* The input:
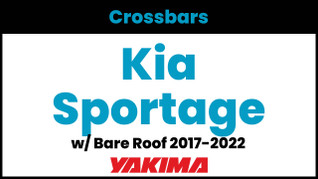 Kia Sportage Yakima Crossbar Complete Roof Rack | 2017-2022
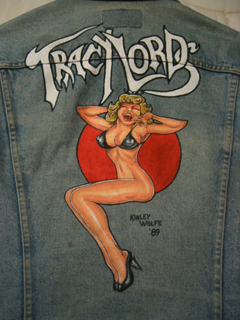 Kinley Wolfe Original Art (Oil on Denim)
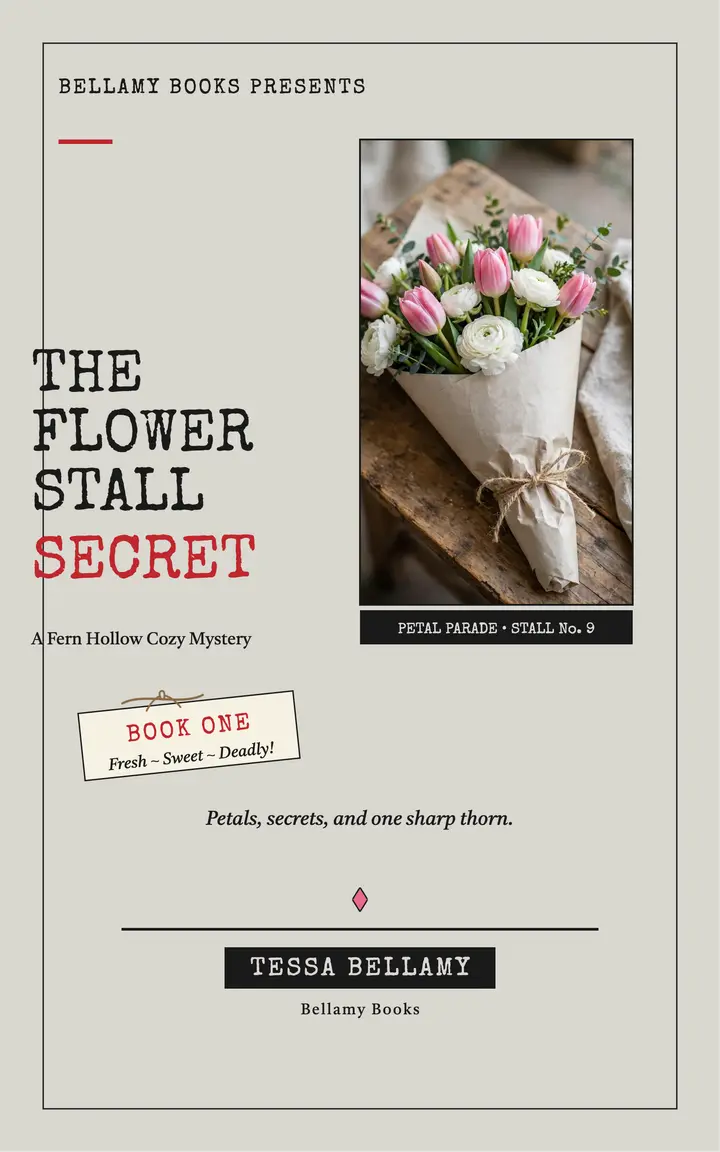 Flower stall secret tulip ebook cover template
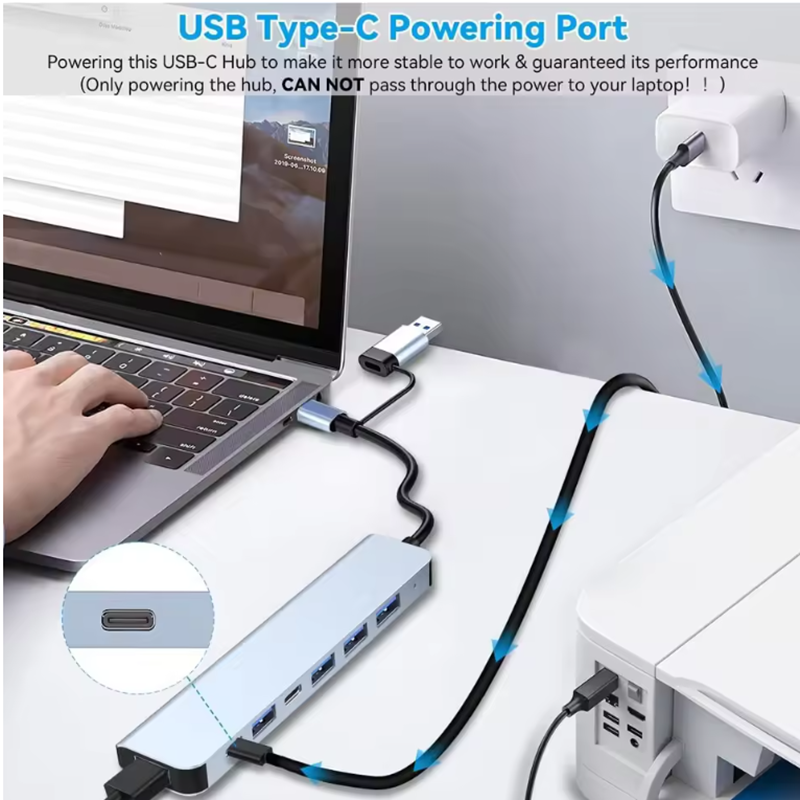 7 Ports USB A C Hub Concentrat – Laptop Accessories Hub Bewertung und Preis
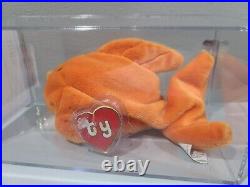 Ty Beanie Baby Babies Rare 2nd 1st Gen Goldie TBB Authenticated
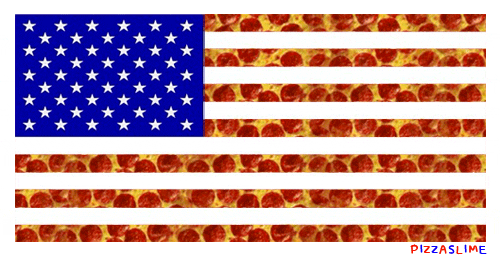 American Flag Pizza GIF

* Assignment: Could you reproduce the records above exactly, leaving out the pictures?

* Written reply:
 Kia Sportage Yakima Crossbar Complete Roof Rack | 2017-2022
 Kinley Wolfe Original Art (Oil on Denim)
 Flower stall secret tulip ebook cover template
 7 Ports USB A C Hub Concentrat – Laptop Accessories Hub Bewertung und Preis
 Ty Beanie Baby Babies Rare 2nd 1st Gen Goldie TBB Authenticated
 American Flag Pizza GIF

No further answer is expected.